Signal Bus
View SourceIntroduction
The Signal Bus serves as the communication backbone of Jido's agent system, providing a flexible and extensible infrastructure for signal routing and persistence. By default, Jido provides two bus implementations:
PubSub
- A lightweight, in-memory pub/sub system for development and testingInMemory
- A more feature-complete in-memory implementation supporting persistence and replay
The Signal Bus is designed as a primary extension point for building production agent systems, allowing you to implement custom adapters for your specific persistence and scaling needs.
Core Concepts
Signal Flow
The Signal Bus manages the flow of signals through your agent system:
- Agents publish signals to named streams
- The bus routes signals to subscribers
- Subscribers process signals and acknowledge receipt
- The bus maintains signal ordering and tracking
Bus Capabilities
Different bus implementations can provide varying levels of functionality:
- Basic Pub/Sub - Simple signal routing without persistence
- Persistence - Storage and replay of signal streams
- Snapshots - Point-in-time state capture
- Ordering - Guaranteed signal ordering within streams
- Acknowledgments - Tracking of signal processing status
Using the Built-in Buses
PubSub Bus
The PubSub
adapter provides lightweight pub/sub messaging using Phoenix.PubSub:
# Configuration
config :my_app, MyApp.Bus,
adapter: Jido.Bus.Adapters.PubSub
# Usage
{:ok, bus} = Jido.Bus.start_link(name: MyApp.Bus)
# Subscribe to a stream
:ok = Jido.Bus.subscribe(MyApp.Bus, "agent-123")
# Publish signals
signal = %Jido.Signal{
type: "agent.state.updated",
source: "agent-123",
data: %{status: "active"}
}
:ok = Jido.Bus.publish(MyApp.Bus, "agent-123", :any_version, [signal])
InMemory Bus
The InMemory
adapter adds persistence, replay, and snapshot capabilities:
# Configuration
config :my_app, MyApp.Bus,
adapter: Jido.Bus.Adapters.InMemory
# Usage
{:ok, bus} = Jido.Bus.start_link(name: MyApp.Bus)

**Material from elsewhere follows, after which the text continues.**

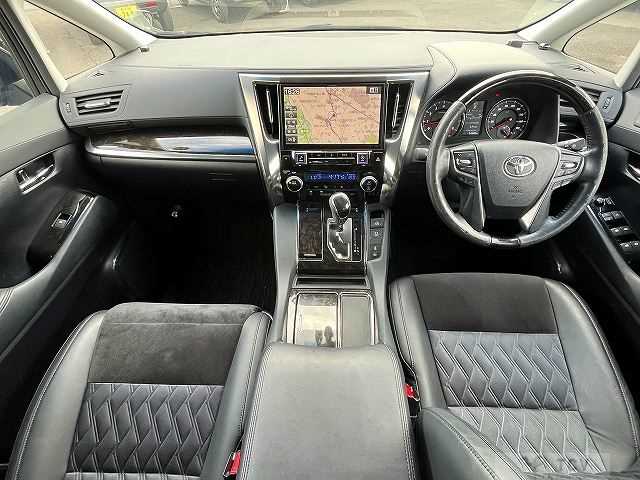 2016 Toyota Vellfire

# Create persistent subscription
{:ok, subscription} = Jido.Bus.subscribe_persistent(
MyApp.Bus,
"agent-123",
"subscriber-1",
self(),
:origin,
[]
)
# Replay stream from start
signals = Jido.Bus.replay(MyApp.Bus, "agent-123") |> Enum.to_list()
# Record snapshot
snapshot = %Jido.Bus.Snapshot{
source_id: "agent-123",
source_version: 42,
data: current_state
}
:ok = Jido.Bus.record_snapshot(MyApp.Bus, snapshot)
Creating Custom Bus Adapters
The Signal Bus is designed for extensibility through custom adapters. Common use cases include:
- Integration with event stores (EventStoreDB, Apache Kafka)
- Cloud service backends (AWS Kinesis, Google PubSub)
- Database-backed persistence (PostgreSQL, MongoDB)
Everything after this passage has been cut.